Which, of course, made him very reluctant to miss any moments with her when she did! He thought of the times he hadn’t spent with her. Breaking a lunch or dinner arrangement because he was held up at the hospital, or, worse, out on a date, such ordinary things, but all time he had already missed with her.
And now there was no time to make it up to her—no more time...
But as he went up in the lift, he couldn’t help picturing his first glimpse of the woman with the improbable name—long legs striding easily, back straight, and the cloud of dark hair—black, he thought now, or perhaps a very dark brown.
And the explanation for these thoughts?
He had absolutely no idea and the sooner he got them out of his head the better. Since the farcical end of his engagement and marriage plans he’d remained aloof to the charms of women, throwing himself into work as an alternative—and far easier—passion.

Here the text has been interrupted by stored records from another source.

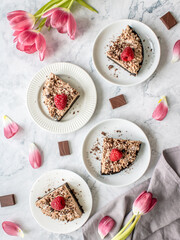 Overhead shot of delicious chocolate cake with raspberries and flowers on white background. Top view, flat lay.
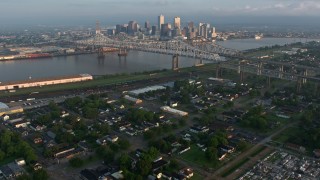 4K aerial stock footage tilt from cemetery to reveal Crescent City Connection and Downtown at sunrise, Louisiana Aerial Stock Footage | PVED01_017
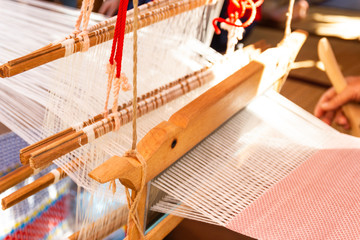 Fototapeta na wymiar Weaving equipment Household weaving - Detail of weaving loom for homemade silk Used for silk weaving or textile production of Thailand 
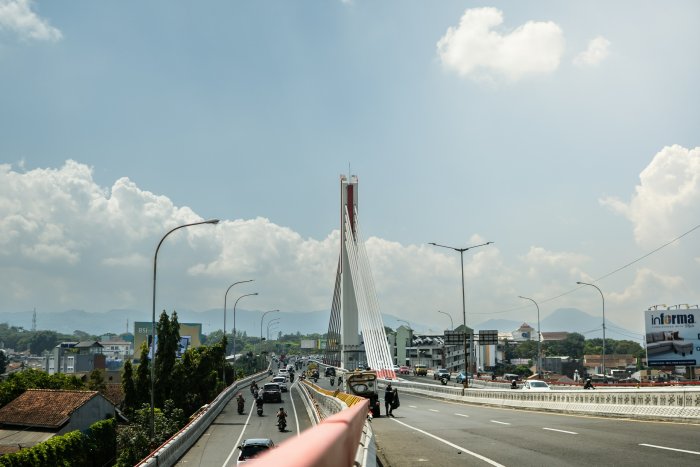 Modern cable-stayed bridge over a busy highway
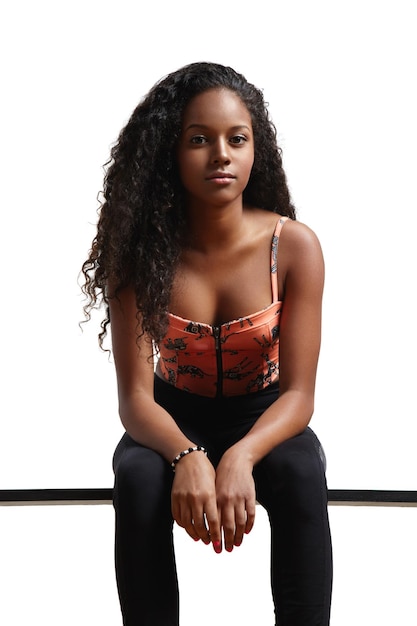 Free photo black woman with curly hair is sitting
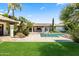 Lush lawn, pristine pool, and well-maintained landscaping offer a serene outdoor setting for leisure and relaxation at 5740 N Casa Blanca Dr, Paradise Valley, AZ 85253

He shook his head in a futile attempt to remove the wayward meanderings of his mind. It was because he was stressed. He couldn’t do anything for Gran, and doing nothing left him with too much time on his hands to dwell on life without her...
But, then, she had looked good on the horse... Kenzie...
* * *
The rest of Muriel’s ride was uneventful, but Kenzie was glad to see a little tuk-tuk waiting to take her and her charge back to the hotel.

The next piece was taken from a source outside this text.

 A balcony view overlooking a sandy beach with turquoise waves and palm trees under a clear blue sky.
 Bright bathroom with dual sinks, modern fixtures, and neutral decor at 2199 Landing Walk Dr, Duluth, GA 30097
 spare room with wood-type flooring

‘You should have a hot shower, and I’ll arrange a massage for you,’ she said to Muriel as they climbed into the little rickshaw. ‘You might need another one tomorrow, too, because your muscles have been doing something new.’
‘Then I’ll have to have a massage every day,’ Muriel announced, ‘because I’m going to conquer this horse-riding thing!’
‘You’re a Trojan, Muriel!’ Kenzie told her, ‘But you might be sore tomorrow so we’ll take it
easy.’
She saw Muriel safely back to her room and into the shower, arranged the massage, and ordered tea and scones for after it.
Only then did she pull out her phone and open the DocSays app on it. She had to smile at the pixelated image of Alexander Monroe McLeod, which looked, of course, nothing like him. The photos she’d seen occasionally—usually on the financial pages of serious papers—was how she’d recognised him.
Imagine meeting the man!
Her friends would never believe it!
Especially the ones who’d told her she was crazy to take a short contract job at a luxury convalescent home off the coast of Thailand.
‘You’ll be bored to death,’ they’d warned her, and secretly she’d believed them, but at the time she’d have taken a job on Mars to get away from her far too small home town!
Small town, new doctor, whirlwind romance that had the entire town speculating whether Kenzie would finally get married, then the new doc’s wife had arrived...
Kenzie had expected pain—and hurt pride and humiliation had certainly brought that in its train. But in many ways it had been a relief. Much as she wanted to marry and have children—and urgent as that need was becoming—she’d known all along there was something not quite right about Mark...
Something that had, thankfully, held her back from a physical relationship with him...
‘Now, Kenzie,’ Muriel announced, appearing from the bathroom in a cloud of steam and a luxurious peignoir, ‘I will have no argument about it this time. You are to eat with me this evening. We need to plan out my riding lessons.’
‘It might be best to leave any plans until morning. See how you feel then.’
‘We can discuss it over dinner,’ Muriel said forcefully.
So much for diversion!
‘I thought the Sapphire Dining Room tonight. It’s smaller and for all they tell me the same chef oversees both kitchens, I’m sure the food is better there.’
They had argued before about Kenzie dining with her guest, as a cleverly worded sentence in the rules and regulations for ancillary staff seemed to suggest it wasn’t a good idea.